Однако, невзирая на столь трудное положение, наши организации продолжали вести свою антимилитаристическую работу. В начале сентября Петербургский Комитет РСДРП выпустил листок против войны (печатный), в котором говорилось, что, «как бы ни кончилась эта война, все тяжести ее падут на плечи рабочего класса». В том, что война разразилась, «виноваты были и крестьянские и рабочие массы, слишком апатично относившиеся к делу демократии», указывал листок. Заканчивался он призывом «запасаться оружием». Из других мест России доходили известия, что местные организации — на Кавказе, в Польше, Литовском крае — выпускали также листки против войны. Выпуск листка в Петербурге сопровождался обысками и арестами. Было арестовано одновременно в различных частях города более 80 человек.
В Польше, несмотря на обещания, что «нет больше подъяремных народов», политика правительства по-прежнему оставалась реакционной. В некоторых городах, лежавших близко от театра военных действий, как Лодзь, Варшава и др., политический курс менялся в зависимости от того, приближаются немцы к данной местности или удаляются от нее. Приближение немцев к Варшаве вызывало к жизни «свободы», — аресты прекращались, администрация бежала, и жизнь города предоставлялась «самой себе». Это вызвало в жизни «общественную самодеятельность» в виде «обывательского комитета», который организовал в городе милицию. Кроме того, этот комитет содействовал устройству дешевых и бесплатных столовых для безработных, которых в этом районе было весьма много.

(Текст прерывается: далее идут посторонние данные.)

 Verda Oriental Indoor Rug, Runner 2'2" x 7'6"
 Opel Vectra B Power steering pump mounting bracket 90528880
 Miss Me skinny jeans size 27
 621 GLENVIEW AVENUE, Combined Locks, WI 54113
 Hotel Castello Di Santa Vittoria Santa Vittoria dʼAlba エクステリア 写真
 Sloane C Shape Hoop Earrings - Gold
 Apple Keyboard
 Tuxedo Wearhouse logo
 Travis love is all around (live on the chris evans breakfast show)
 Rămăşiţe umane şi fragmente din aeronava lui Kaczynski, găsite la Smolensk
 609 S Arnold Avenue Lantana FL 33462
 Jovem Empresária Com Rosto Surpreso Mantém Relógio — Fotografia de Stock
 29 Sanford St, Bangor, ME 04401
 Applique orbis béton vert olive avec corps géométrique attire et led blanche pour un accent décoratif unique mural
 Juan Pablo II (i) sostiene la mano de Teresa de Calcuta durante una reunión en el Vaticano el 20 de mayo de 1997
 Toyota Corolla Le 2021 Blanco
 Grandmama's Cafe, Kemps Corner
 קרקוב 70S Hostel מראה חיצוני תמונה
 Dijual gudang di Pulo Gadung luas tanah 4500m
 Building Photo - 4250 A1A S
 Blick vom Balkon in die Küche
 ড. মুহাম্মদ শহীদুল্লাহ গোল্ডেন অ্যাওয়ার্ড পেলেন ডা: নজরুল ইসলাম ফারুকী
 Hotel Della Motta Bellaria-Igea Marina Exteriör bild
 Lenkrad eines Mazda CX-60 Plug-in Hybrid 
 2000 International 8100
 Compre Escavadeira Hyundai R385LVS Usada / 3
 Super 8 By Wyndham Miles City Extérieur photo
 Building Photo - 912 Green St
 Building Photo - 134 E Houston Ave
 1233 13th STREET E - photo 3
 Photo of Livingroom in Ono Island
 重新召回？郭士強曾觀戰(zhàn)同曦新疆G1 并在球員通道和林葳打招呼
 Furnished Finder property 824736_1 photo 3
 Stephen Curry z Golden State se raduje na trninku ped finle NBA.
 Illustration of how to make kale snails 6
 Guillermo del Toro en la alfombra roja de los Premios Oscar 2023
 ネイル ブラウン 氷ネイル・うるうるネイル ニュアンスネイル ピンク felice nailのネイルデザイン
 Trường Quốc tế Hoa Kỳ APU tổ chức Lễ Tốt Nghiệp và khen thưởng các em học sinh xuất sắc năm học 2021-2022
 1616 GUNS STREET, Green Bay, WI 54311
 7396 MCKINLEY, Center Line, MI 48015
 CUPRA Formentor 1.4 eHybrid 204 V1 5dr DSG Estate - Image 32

Вопросы о различных видах помощи вставали много раз и перед петербургскими рабочими. Предприниматели повели агитацию за отчисление известного процента в пользу Красного Креста, но это учреждение не пользовалось доверием не только среди рабочих, но даже у «общества». Вычеты по примеру «русско-японской войны» без спроса рабочих вызвали протесты (например, у Путилова). Помощь «красному» или другому кресту не прошла. Рабочие указывали, что государство должно обеспечить как раненых, так и их семьи, так же как оно это делает по отношению к офицерам. Своим же долгом рабочие находили необходимым помогать жертвам, которые населяют сибирские тундры и тюрьмы русского «освободителя» европейской демократии, царя Николая.
Однако легально такой широкой помощи провести было нельзя, и многие подумывали об организации особых заводских ячеек «помощи жертвам войны», в число которых входили бы заключенные, безработные и семьи товарищей, ушедших на войну. Но такую помощь решили проводить через больничные кассы39 и в общегородском масштабе. Сборы на этот предмет уже производились (зав. Семенова, Невский суд.40), но средства еще, за исключением Невского района, который передавал их местному попечительству о бедных, никуда не отдавали, а хранили до выяснения.
Среди «легалистов» появилось настроение использовать «благотворительность» в смысле легализации партийных ячеек, но эта идея дальше интеллигентских пожеланий не пошла.
Интеллигенция, вроде Финна, Дюбуа41 и К°, вела в патриотическом духе работу в «Вольном эк.обществе»42. Наши товарищи пытались использовать это учреждение в интересах местной социал-демократической организации, но по своему характеру деятельность этого общества была слишком далека от социалистической.